The claim of progress has been savaged by twentieth-century intellectuals, but the idea of progress remains a prominent feature of political language, as well as of the language of scientific research and technological innovation. What are the features of Western culture and of the practices of science and technology that anchor the idea of progress in the face of more than half a century of intellectual criticism? Can Western societies be said to have progressed over the past three hundred years, and to what extent have science and technology been responsible for that progress? If science and technology were institutionalized differently, or if science and technology policy were more rationally determined, would they then be socially progressive?
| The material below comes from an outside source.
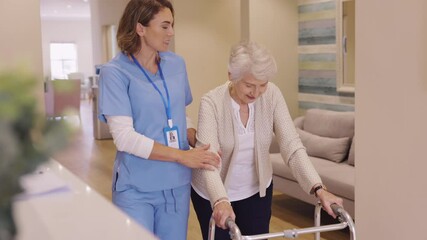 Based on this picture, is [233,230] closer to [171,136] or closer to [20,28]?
[171,136]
In Science, Technology, and Social Progress, a distinguished group of writers prominent in their fields brings to light the answers to questions like these.
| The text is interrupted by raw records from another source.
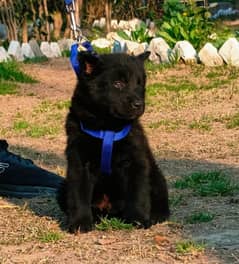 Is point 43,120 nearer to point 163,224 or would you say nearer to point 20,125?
point 20,125

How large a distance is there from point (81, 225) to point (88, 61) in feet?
3.18

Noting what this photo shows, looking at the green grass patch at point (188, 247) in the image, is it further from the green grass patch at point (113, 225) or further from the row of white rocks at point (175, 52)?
the row of white rocks at point (175, 52)

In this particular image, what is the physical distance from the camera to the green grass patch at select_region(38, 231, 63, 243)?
486 cm

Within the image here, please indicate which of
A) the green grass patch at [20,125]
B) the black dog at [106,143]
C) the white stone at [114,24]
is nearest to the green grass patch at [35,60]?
the green grass patch at [20,125]

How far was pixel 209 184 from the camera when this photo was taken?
628cm

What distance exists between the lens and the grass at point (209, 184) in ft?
20.0

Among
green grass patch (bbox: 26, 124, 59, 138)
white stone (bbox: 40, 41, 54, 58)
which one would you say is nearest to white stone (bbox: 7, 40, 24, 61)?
white stone (bbox: 40, 41, 54, 58)

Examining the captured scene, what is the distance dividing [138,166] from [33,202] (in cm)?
143

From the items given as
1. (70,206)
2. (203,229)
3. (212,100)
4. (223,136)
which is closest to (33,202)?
(70,206)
Essays by Hill, Noble, Winner, and Rothschild deal with the value structure of technology policy; sexist, classist, and racist values implicit in the language of reproductive technologies and in the implementation of new automation technologies; and the cultural values that have sustained the popularity of the idea of progress in the United States from the Pilgrims to the present. Essays by Yalo, Restivo, Chubin, and Shrader-Frechette deal with unrealized public benefits from new technologies as a consequence of irrational fears of radiation; the cultural and epistemological roots of modern science that militate against social progress; the language of progress as part of workbench science and of the politicking for public support of research; and the methodological changes that need to be made if the public interest is to be incorporated into science policy.
The last set of essays by Lasch, Mitcham, Provine, and Staudenmaier look at the idea of progress itself from four different-though-related perspectives. Lasch dismisses all claims of social progress as superficial and dismisses as well the claim that science is, or can be, progressive. Provine, by contrast, argues that science is the unique basis for human progress even as applied to the sequential development of scientific theories, let alone of social institutions. And Staudenmaier traces the vitality of the hold of the idea of progress on Western culture to the Cartesian split in the pursuit of knowledge between method and object, form and content.